Could you reproduce, word for word, everything below from the line containing "Linen Pants Women" down to the line containing "Accent Wall Mirror", with both of those lines included and no others?

___

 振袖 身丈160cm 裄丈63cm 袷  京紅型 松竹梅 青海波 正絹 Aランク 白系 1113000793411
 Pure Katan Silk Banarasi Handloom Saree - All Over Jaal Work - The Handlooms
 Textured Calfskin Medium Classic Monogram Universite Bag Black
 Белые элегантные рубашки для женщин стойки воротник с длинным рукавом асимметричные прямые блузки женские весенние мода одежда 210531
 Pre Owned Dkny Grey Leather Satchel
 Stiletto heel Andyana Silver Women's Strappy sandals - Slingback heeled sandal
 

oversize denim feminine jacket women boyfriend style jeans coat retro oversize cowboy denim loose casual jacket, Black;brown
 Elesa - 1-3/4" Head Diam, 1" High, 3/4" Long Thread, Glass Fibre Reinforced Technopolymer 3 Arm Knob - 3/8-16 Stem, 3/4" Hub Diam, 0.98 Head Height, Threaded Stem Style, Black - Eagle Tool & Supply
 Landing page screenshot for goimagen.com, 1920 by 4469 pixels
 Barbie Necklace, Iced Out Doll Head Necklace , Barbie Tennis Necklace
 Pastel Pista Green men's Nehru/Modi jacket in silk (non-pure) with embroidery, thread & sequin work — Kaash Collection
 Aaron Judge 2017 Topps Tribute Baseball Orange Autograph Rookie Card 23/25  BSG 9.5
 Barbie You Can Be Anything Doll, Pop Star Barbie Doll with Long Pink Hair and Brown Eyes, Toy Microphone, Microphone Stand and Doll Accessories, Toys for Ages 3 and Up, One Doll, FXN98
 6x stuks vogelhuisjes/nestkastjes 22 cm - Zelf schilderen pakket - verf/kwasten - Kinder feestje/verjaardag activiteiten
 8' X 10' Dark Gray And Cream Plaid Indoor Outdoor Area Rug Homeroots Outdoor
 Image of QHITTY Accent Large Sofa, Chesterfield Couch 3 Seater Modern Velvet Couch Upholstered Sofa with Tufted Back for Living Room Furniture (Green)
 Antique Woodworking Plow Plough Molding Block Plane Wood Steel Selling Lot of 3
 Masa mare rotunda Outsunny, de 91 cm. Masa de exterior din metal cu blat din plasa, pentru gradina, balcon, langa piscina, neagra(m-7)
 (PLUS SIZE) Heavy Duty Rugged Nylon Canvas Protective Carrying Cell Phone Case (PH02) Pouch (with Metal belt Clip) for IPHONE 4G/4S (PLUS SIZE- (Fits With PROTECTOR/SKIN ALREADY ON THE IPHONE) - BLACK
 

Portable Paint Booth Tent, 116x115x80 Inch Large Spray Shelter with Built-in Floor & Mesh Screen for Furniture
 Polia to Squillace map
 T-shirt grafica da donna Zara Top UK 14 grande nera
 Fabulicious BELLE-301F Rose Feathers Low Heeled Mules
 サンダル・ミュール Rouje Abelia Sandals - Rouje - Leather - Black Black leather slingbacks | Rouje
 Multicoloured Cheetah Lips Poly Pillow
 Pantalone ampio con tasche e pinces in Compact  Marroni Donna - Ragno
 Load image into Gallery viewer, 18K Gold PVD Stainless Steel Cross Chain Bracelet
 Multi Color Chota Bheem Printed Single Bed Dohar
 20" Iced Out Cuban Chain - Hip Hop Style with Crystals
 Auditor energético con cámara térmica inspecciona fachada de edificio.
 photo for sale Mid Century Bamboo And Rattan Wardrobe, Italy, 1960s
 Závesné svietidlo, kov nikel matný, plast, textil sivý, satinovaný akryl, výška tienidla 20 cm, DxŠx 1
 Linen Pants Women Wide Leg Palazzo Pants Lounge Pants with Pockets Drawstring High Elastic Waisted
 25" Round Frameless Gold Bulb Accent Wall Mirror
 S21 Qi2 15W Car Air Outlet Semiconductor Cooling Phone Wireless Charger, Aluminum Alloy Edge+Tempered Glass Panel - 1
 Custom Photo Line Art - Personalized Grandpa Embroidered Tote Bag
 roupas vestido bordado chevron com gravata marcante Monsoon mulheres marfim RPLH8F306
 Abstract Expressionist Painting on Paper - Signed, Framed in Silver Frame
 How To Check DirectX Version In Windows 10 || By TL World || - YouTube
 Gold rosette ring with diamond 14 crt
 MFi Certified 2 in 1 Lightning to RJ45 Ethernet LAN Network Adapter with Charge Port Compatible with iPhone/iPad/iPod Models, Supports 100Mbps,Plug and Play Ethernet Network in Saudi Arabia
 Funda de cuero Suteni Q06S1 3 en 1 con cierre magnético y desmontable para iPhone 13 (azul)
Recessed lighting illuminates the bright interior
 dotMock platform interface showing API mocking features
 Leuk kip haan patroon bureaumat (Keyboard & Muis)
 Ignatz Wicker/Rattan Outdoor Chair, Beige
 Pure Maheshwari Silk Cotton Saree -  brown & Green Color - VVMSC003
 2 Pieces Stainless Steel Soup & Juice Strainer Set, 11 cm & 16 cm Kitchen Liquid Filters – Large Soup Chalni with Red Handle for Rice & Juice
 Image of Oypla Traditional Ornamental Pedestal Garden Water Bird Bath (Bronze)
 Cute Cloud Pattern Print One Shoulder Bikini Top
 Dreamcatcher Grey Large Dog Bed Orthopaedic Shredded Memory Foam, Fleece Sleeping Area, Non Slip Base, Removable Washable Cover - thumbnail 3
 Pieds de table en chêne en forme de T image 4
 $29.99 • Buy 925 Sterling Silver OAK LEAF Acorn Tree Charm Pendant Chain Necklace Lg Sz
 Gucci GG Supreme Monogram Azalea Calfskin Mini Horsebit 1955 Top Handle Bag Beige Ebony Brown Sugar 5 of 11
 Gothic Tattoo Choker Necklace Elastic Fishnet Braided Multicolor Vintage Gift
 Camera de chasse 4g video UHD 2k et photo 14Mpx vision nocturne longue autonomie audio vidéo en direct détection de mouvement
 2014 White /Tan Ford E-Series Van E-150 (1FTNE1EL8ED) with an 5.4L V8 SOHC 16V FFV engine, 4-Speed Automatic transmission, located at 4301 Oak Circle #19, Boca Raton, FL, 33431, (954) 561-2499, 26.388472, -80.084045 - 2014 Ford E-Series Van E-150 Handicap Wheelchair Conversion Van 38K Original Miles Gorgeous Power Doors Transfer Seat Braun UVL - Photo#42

___

Task response.
 Linen Pants Women Wide Leg Palazzo Pants Lounge Pants with Pockets Drawstring High Elastic Waisted
 25" Round Frameless Gold Bulb Accent Wall Mirror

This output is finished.